Work instructions | Go through the records below and restate each one word for word.

Input records |
BEGIN
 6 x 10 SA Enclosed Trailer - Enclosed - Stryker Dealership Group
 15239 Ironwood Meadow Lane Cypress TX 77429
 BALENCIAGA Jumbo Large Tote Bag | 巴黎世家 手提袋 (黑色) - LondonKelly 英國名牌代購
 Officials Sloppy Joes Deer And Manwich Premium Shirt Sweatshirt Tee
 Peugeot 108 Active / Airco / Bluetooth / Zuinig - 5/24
END
Task answer |
 6 x 10 SA Enclosed Trailer - Enclosed - Stryker Dealership Group
 15239 Ironwood Meadow Lane Cypress TX 77429
 BALENCIAGA Jumbo Large Tote Bag | 巴黎世家 手提袋 (黑色) - LondonKelly 英國名牌代購
 Officials Sloppy Joes Deer And Manwich Premium Shirt Sweatshirt Tee
 Peugeot 108 Active / Airco / Bluetooth / Zuinig - 5/24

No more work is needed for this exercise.